Lecciones a Inés

Tarde y regular llegó el primer reconocimiento institucional a la víctimas de la violencia ejercida por el Estado directamente o a través de mercenario o facha interpuesto. Supongo que toca felicitarse por ello —ya he escrito alguna vez que nuestro sino es celebrar lo obvio—, pero como no soy un cándido y el cinismo lo reservo para otros asuntos, no puedo dejar sin señalar, siquiera, un pero. Me habría encantado que hubiera estado impulsado por una convicción auténtica y no por un frío y desvergonzado cálculo de posibles beneficios. Que no nos vengan con la milonga de que la sociedad no estaba preparada, porque ese parcial lo tenemos aprobado hace un buen rato. En todo caso, son los políticos oportunistas los que tienen la asignatura pendiente, simplemente porque no les ha interesado o les ha dado canguelo presentarse a ese examen. Incluyo en el lote a los gobiernos anteriores y a los que hasta hace tres minutos eran ciegos, sordos y mudos ante la violencia de ETA, que también han tenido mucho que ver en este retraso.

Y una vez que me he ganado antipatías de amplio espectro, me centro en lo sustantivo y le pongo nombre propio: Inés Núñez, que cerró el acto con un emocionado y emocionante testimonio. En mayo de 1977, su padre, Francisco Javier Núñez, fue brutalmente golpeado por antidisturbios de la policía nacional. Cuando, 48 horas más tarde, se disponía a denunciar la paliza ante el juzgado, lo interceptaron unos tipos que le obligaron a beber una botella de coñac y otra de aceite de ricino, mientras seguían moliéndolo a palos. Tras una terrible agonía de varios días, murió con el hígado reventado. ¿Queda en este o en cualquier país alguien con las pelotas lo suficientemente grandes como para negarle ¡35 años después! la condición de víctima? ¿Quién se atreve, desde el monopolio del dolor, a darle a Inés lecciones sobre el sufrimiento y el olvido? Por desgracia, más de uno.

Manifiestamente mejorable

Tal vez porque llevamos décadas aferrándonos a sobreentendidos, en el comienzo de este tiempo nuevo los vascos tendremos que vérnoslas con circunloquios y perífrasis kilométricas para expresar lo obvio. 43 palabras, ni una menos, ocupa el título del borrador del primer decreto de reparación de las víctimas de la violencia policial o parapolicial. Con lo sencillo que era ponerlo así, los redactores se han tenido que dar al encaje de bolillos, apostillando por aquí y por allá con ambages que no hirieran ninguna sensibilidad. La paradoja es que no lo han conseguido. A todo el mundo le sobra o le falta algo en el galimatías final.

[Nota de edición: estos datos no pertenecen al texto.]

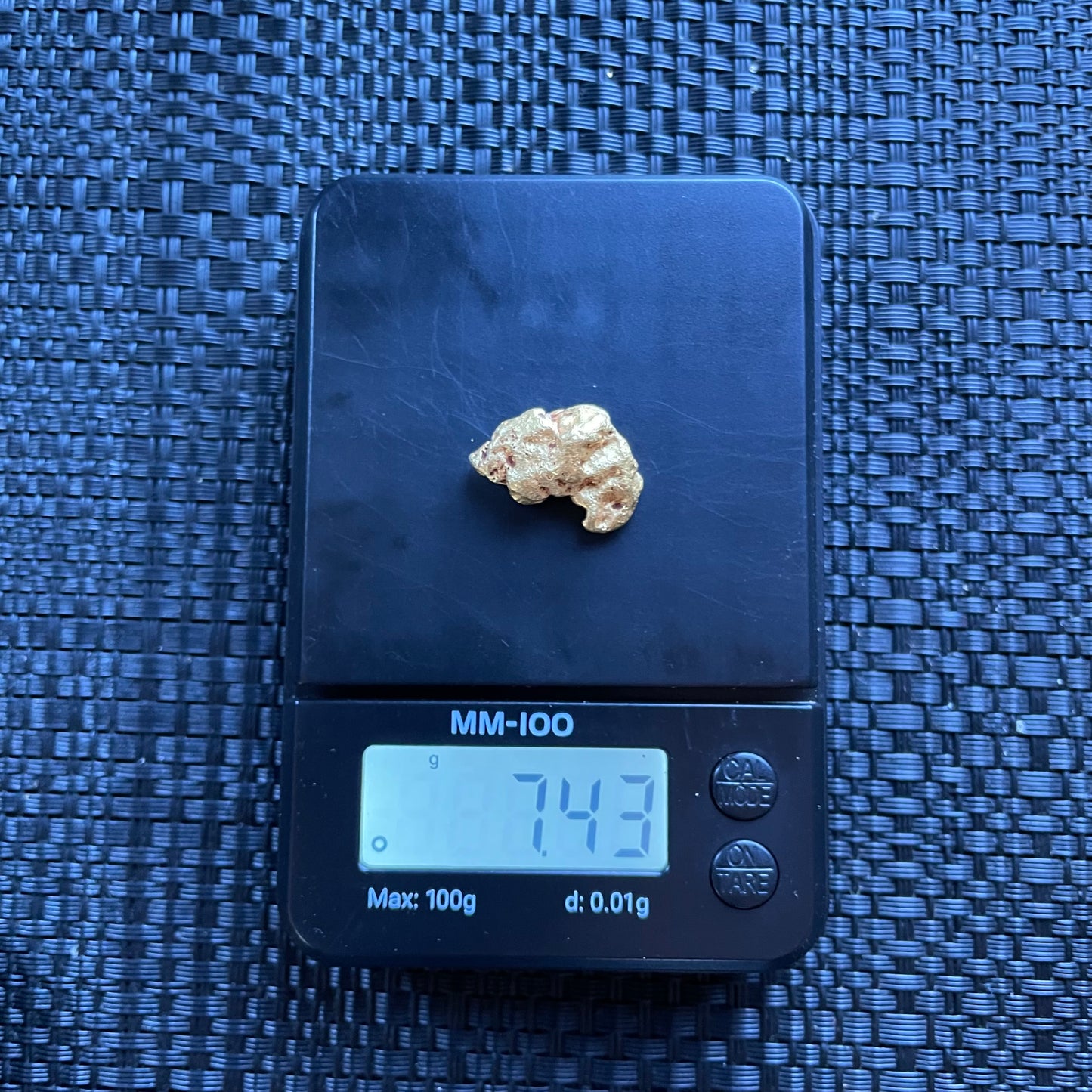 7.43 Gram Natural Gold Nugget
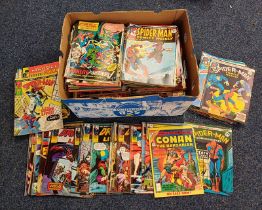 SELECTION OF VARIOUS MARVEL RELATED COMICS INCLUDING TITLES SUCH AS THE INCREDIBLE HULK & THE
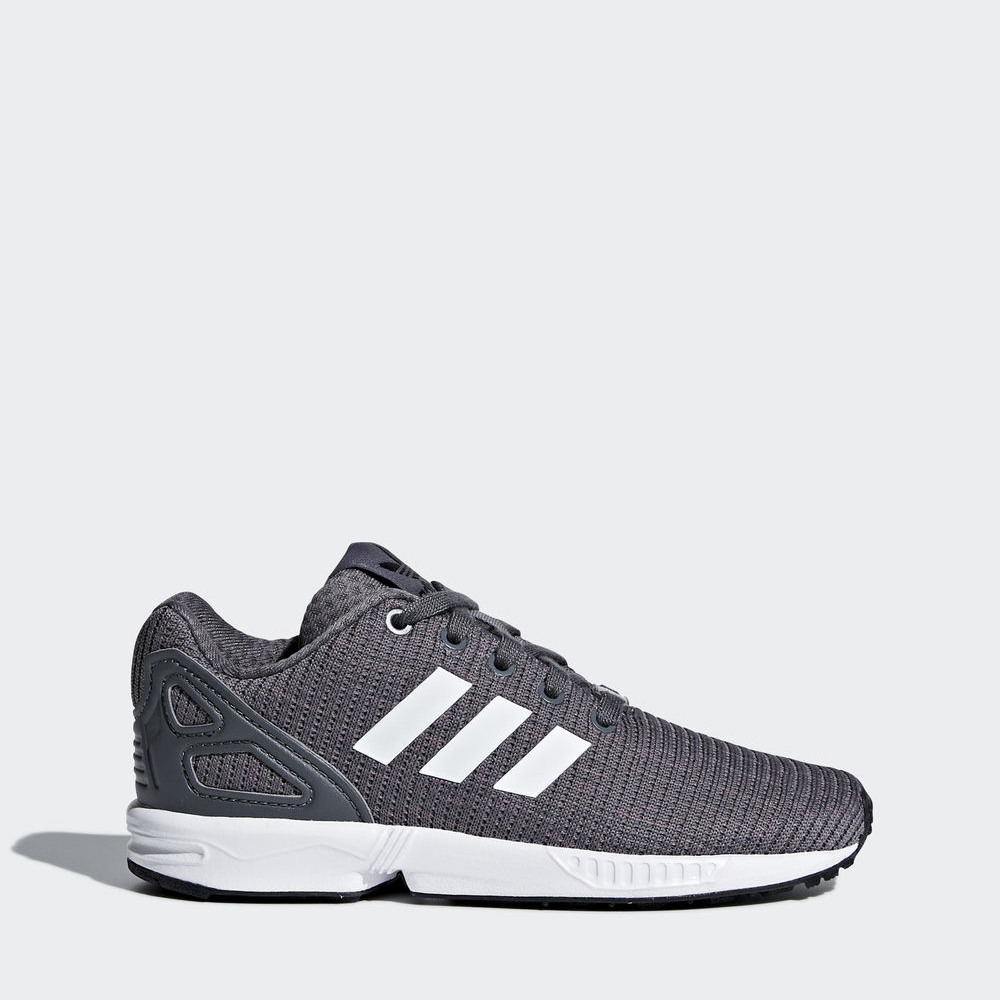 Adidas Zx Flux - Originals για αγορια - Γκρι/Μαυρα/Ασπρα,Μέγεθος: EU 27 – 39 1/3 (894LUWKM)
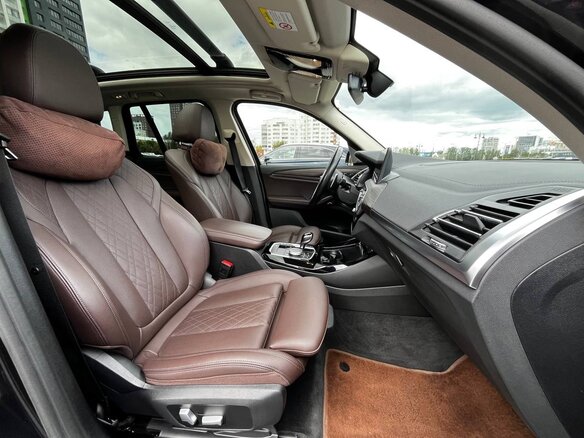 2021 BMW X3 30i xDrive III (G01) Рестайлинг, чёрный - вид 12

Eso, sólo respecto al titulo. Con el resto del texto —apenas seis folios— ocurre lo mismo multiplicado por ene. Cada coma o ausencia de ella da lugar a una objeción, cuando no a media docena. La línea que a unos se les queda corta a otros les parece un exceso intolerable. ¿Por qué están estos y no aquellos? ¿Por qué se hace así y no asá? ¿Por qué se pasa por alto tal situación y se subraya la de más allá? Donde uno esperaba encontrar respuestas, se topa con una torrentera de preguntas y dudas que alimentan, por si hiciera falta más madera, el recelo con que recibimos este tipo de iniciativas.

Visto lo dicho, me sería muy fácil agarrar la catana y reducir a rodajas el decreto, como se ha hecho del babor al estribor ideológico. Tiempo tendré para arrepentirme y desdecirme, pero hoy presento estas líneas en forma de voto de confianza. No tanto al contenido, que no me gusta, como a las intenciones que veo tras su impulso. Conste que no se me escapan las espurias y retorcidas: es evidente que hay quien ha tirado de calculadora y ya se ha hecho la cuenta del pellizco que le sacará a lo que ve como otra jugada política más. Me quedo, sin embargo, con las convicciones sinceras que también sé que han hecho posible este borrador manifiestamente mejorable.